We use static variables for storing data or objects globally so that it can be accessed during the life of the application. Similarly, in ASP.NET we can use static objects for caching data and we can also provide methods to retrieve and save data to the cache. As static variables are stored in the process area, performance wise it is faster. But since it is very difficult to implement expiration policies and dependencies incase of static variables, I generally prefer ASP.NET cache object over this option. Another problem is that the custom static cache object has to be thread-safe which has to be implemented carefully.
Custom static cache object can be defined as shown below:

public class CustomCache
    //Synchronized to implement thread-safe
    static Hashtable _myCache = 
             Hashtable.Synchronized(new Hashtable());
    public static object GetData(object key)
        return _myCache[key];
    public static void SetData(object key, object val)
        _myCache[key] = val;


We can also use a database for storing data and sharing the data across users and machines. This approach is very useful when we want to cache large amounts of data. Using this approach for storing small amount of data is not a good idea because of performance. For storing small amount of data we should go for other ASP.NET in-process caching mechanisms. As the data needs to be stored in a database all the objects need to be XML serialized so that it is easier to store and retrieve. We can also use other types of serialization formats available in the .NET Framework.

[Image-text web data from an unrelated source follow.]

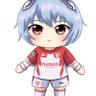 Kay "Pescadito" Ayanami's profile picture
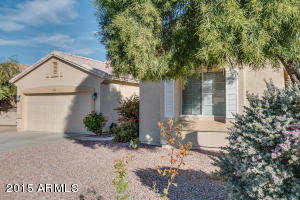 3394 E Santa Fe Ln, Gilbert, AZ 85297 photo 45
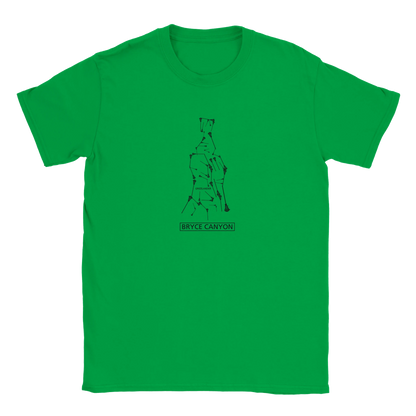 dd220242-6490-4013-b5dd-d9c54024ef90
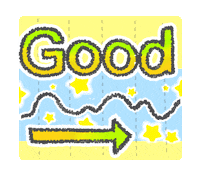 Insulin Type1 Sticker
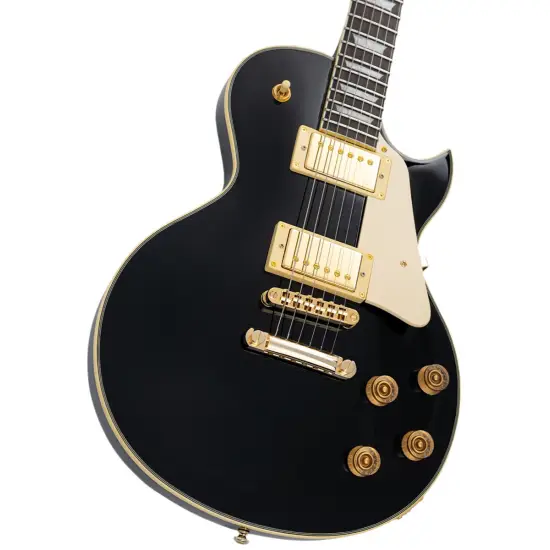 Sire Larry Carlton L7 New Gen BLK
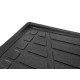 Вани и стелки за багажник Rubber boot liner for SEAT Arona 2018-up | race-shop.bg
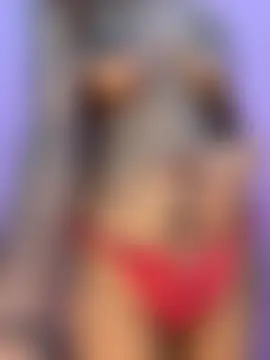 Small_Titss: онлайн-чат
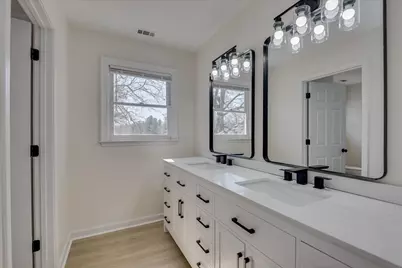 480 Old Tory Trail, Aiken, SC 29801 - Photo 41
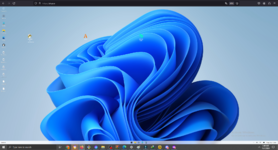 1730406177249.png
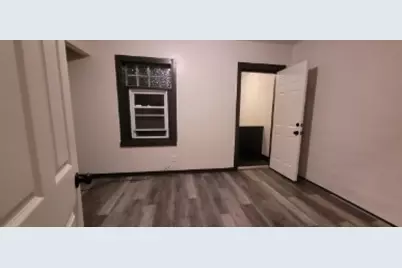 1964 Perrysville Ave #1964, Pittsburgh, PA 15214 - Photo 9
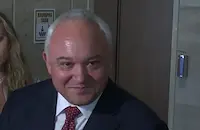 Иван Демерджиев: Санкциите "Магнитски" вече се прилагат в България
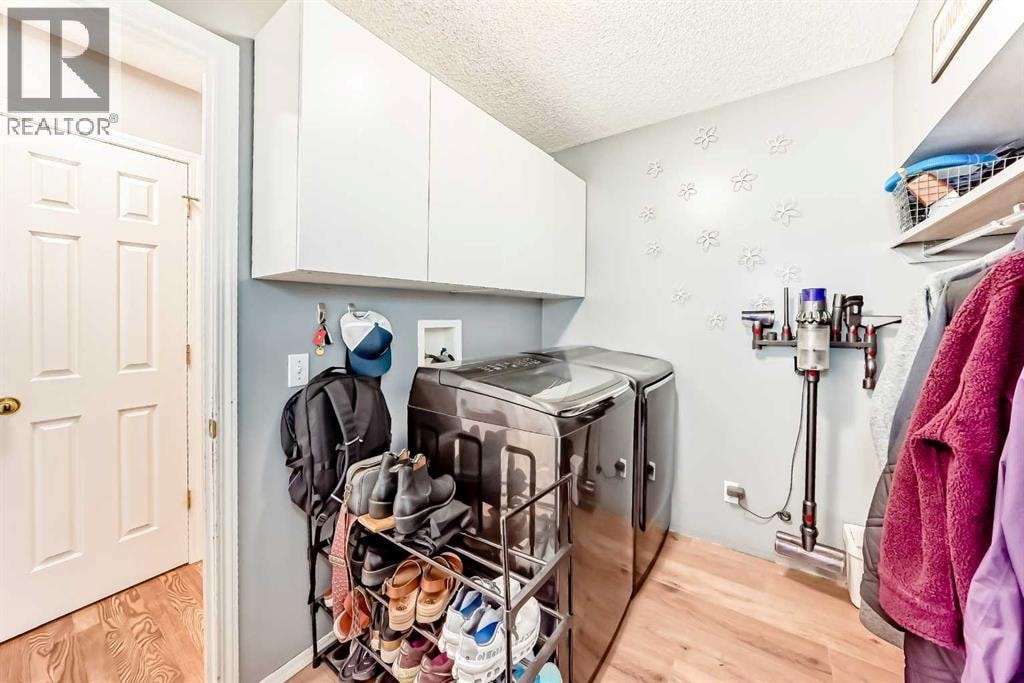 15 Citadel Meadow Crescent NW — photo 15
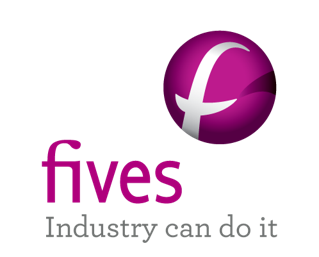 Fives Landis Ltd.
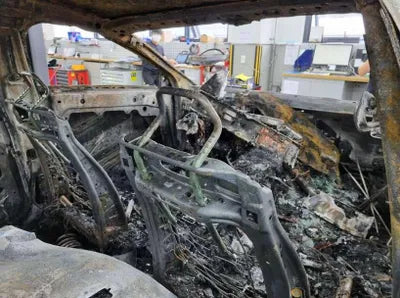 2020 Mercedes-Benz AMG GT 43 WDD7X5KB6LA015418 VIN:WDD7X5KB6LA015418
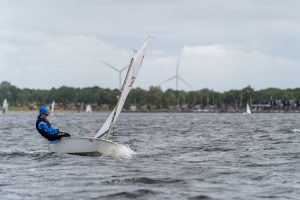 Zeeland-Regtta-@matthijs.photos-107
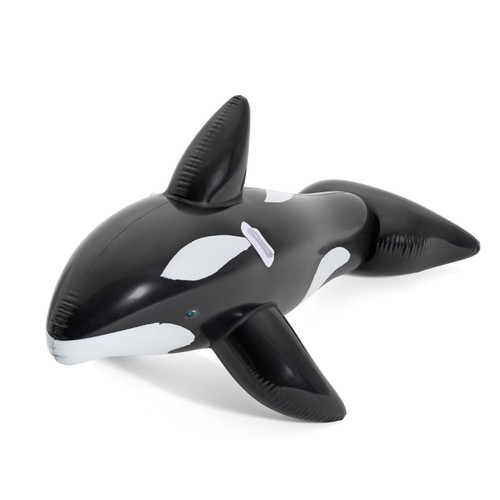 Bestway schwimmtier jumbo - bestway,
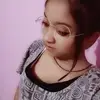 Ayushi_Gaur - @ayushi_gaurr - TikTok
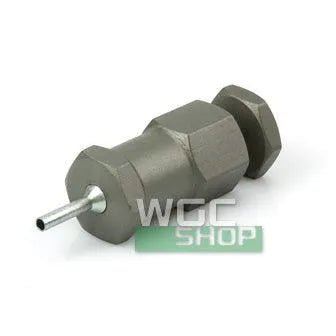 Pro-Arms Pin Opener ( Large ) - WGC Shop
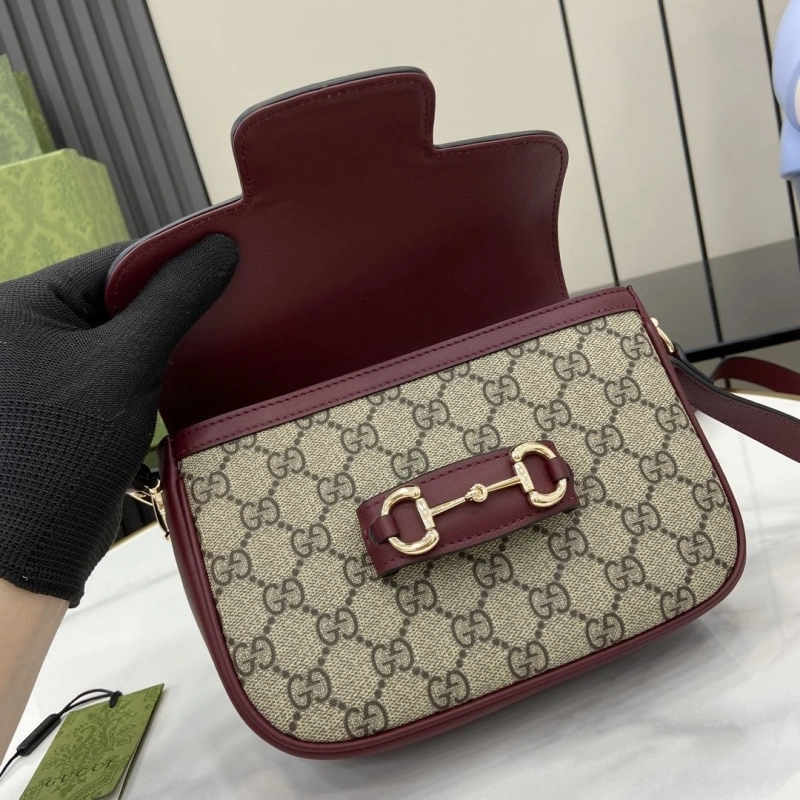Gvc*1 satchel bags 4094b-0555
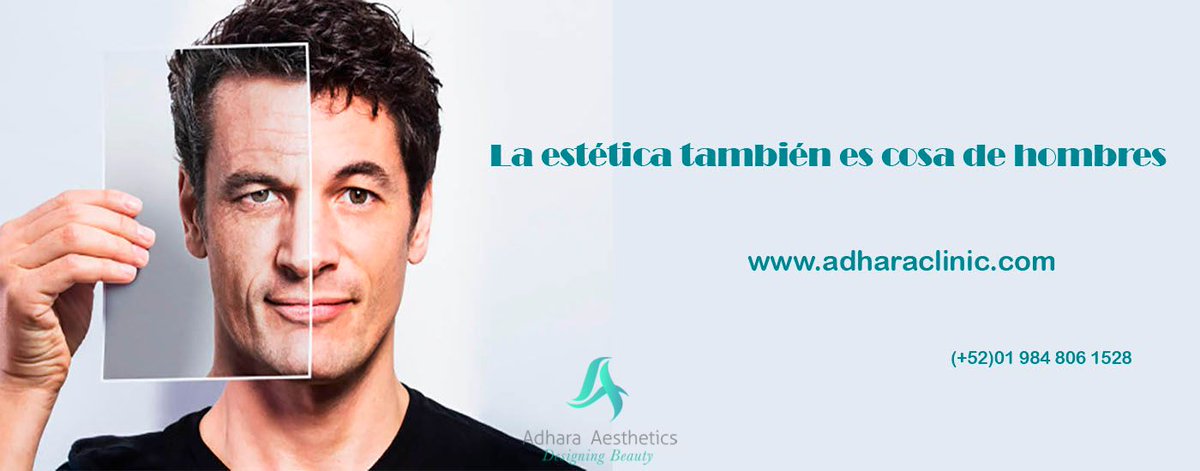 adharaaesthetic's tweet photo. ¿Qué hace a un hombre atractivo? que hablen las mujeres https://t.co/XOjtYb3AWW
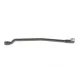 Тяга рульова ліва MEYLE 616 030 5563 для Opel Vectra A 1988-1995, передня вісь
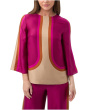Sprig 3 Top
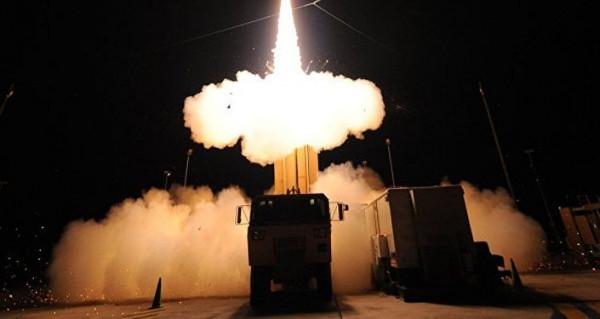 東風-17可覆蓋2000公里,速度可達10馬赫,愛國者和薩德攔得住嗎 東風-17可覆蓋2000公里,速度可達10馬赫,愛國者和薩德攔得住嗎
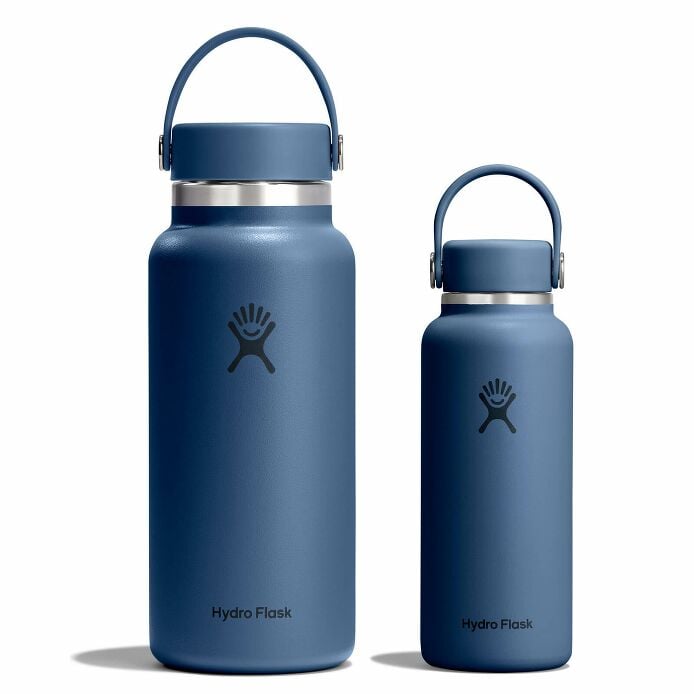 micro-hydro-400-ml-p2 tiny-bottle-400-ml-with-w32-harbor-blue.jpg
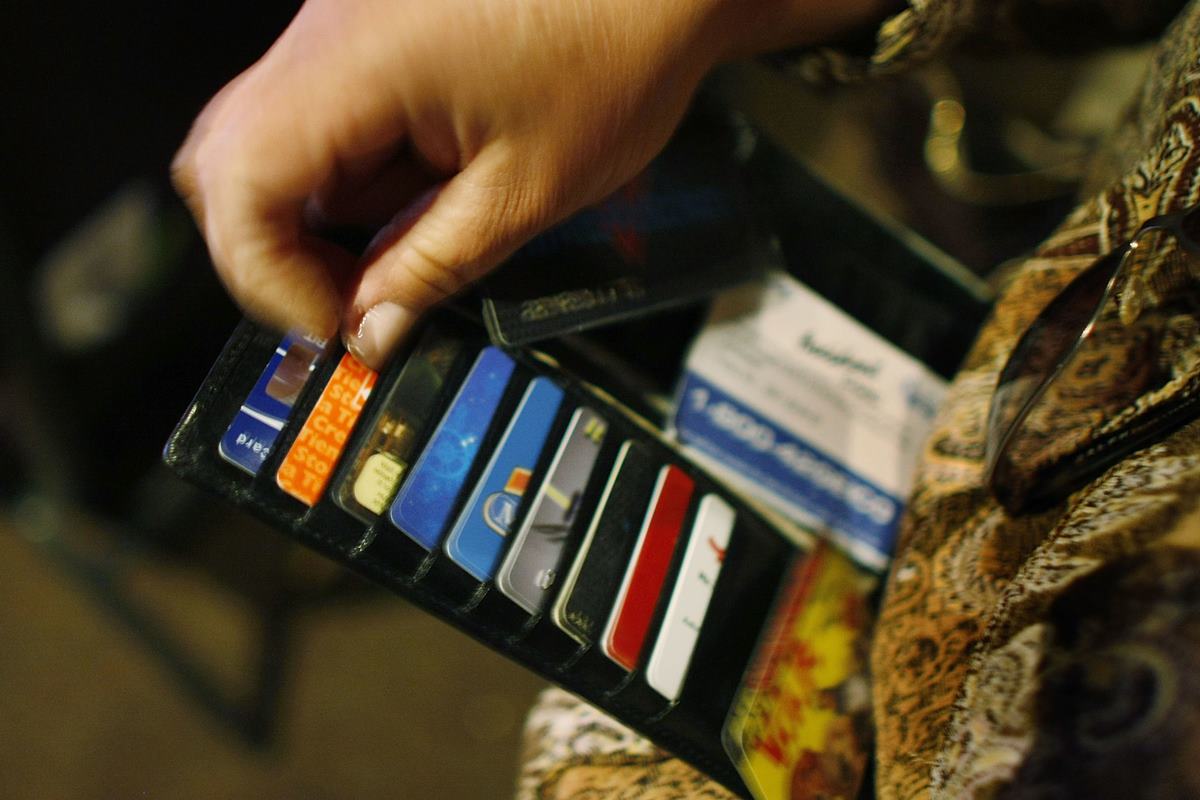 Pagamentos por aproximação movimentam R$ 1 trilhão no 1º semestre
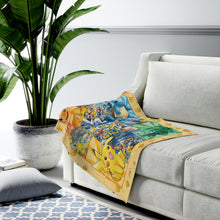 Load image into Gallery viewer, 2742119744-30x40-Etsy IT83-Luan
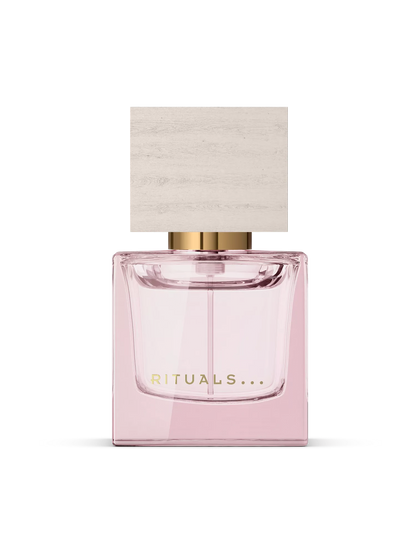 Travel - Fleurs de l’Himalaya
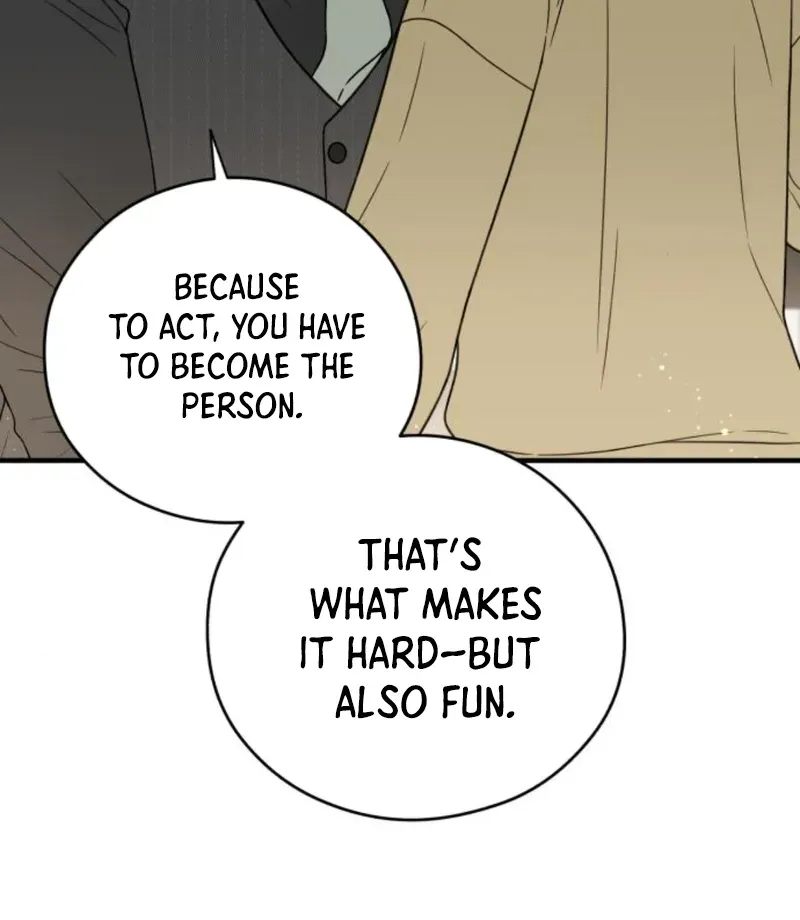 One and Only Chapter 15 page 71 - 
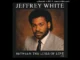 Jeffrey White  I'll Call You Back, My Love (1985) Mp3 Download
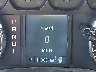 2GCRCMEC0K1****** Salvage 2019 Chevrolet Silverado 1500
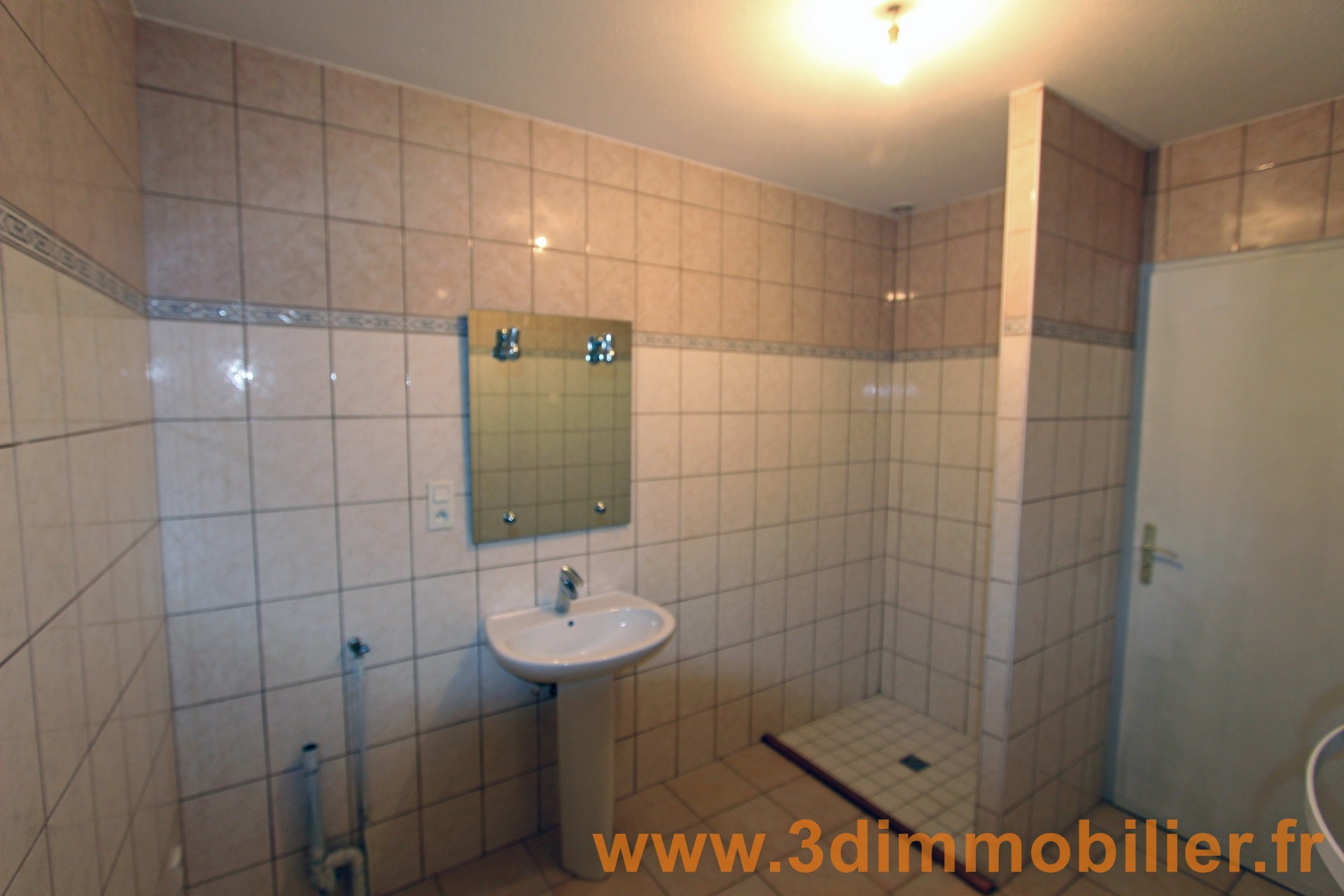 Photo 10 — 3D IMMOBILIER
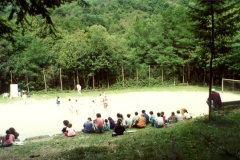 Campetto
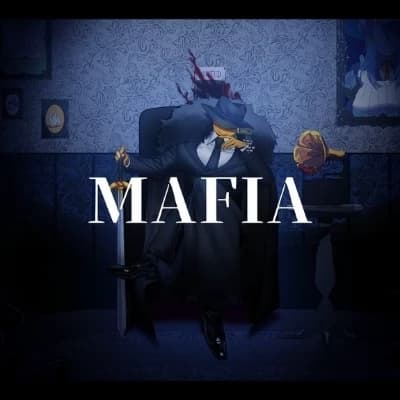 mafioso thumbnail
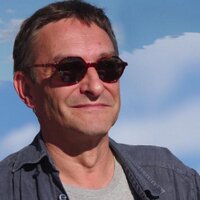 Ramon Peris-March (@ramonperismarch) 's Twitter Profile Photo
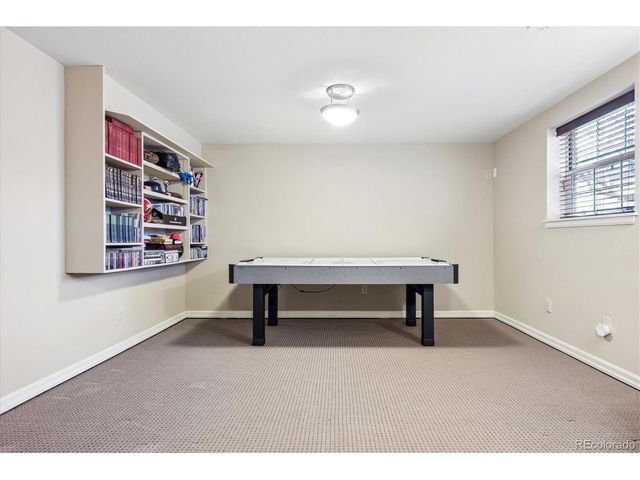 7175 S Poplar Way, Centennial, CO 80112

ASP.NET page output caching

Sometimes in our application in some pages the output generally doesn't change for a specific period of time. For example in a HR website, the salary details of an employee doesn't change very frequently and it changes only once in a month. Generally it changes only on the 1st day of every month. So during a month the salary details page will show the same details for a particular employee. So in this case isn't it a good idea to cache the page somewhere in the server to avoid business calculation processing, calls to database and page rendering logic every time the employee wants to see his salary details. In my opinion, Yes! It is a very good idea. To achieve this, ASP.NET provides a feature to store the output of a page in the server for a specific period of time. It also provides features to store a fragment of a page which is known as Page fragment caching. Here I am not going to talk much about Page Output Caching as there are other articles available in the Internet that cover this mechanism in detail. This would a very lengthy section if I start discussing it. I am planning to cover this in another article.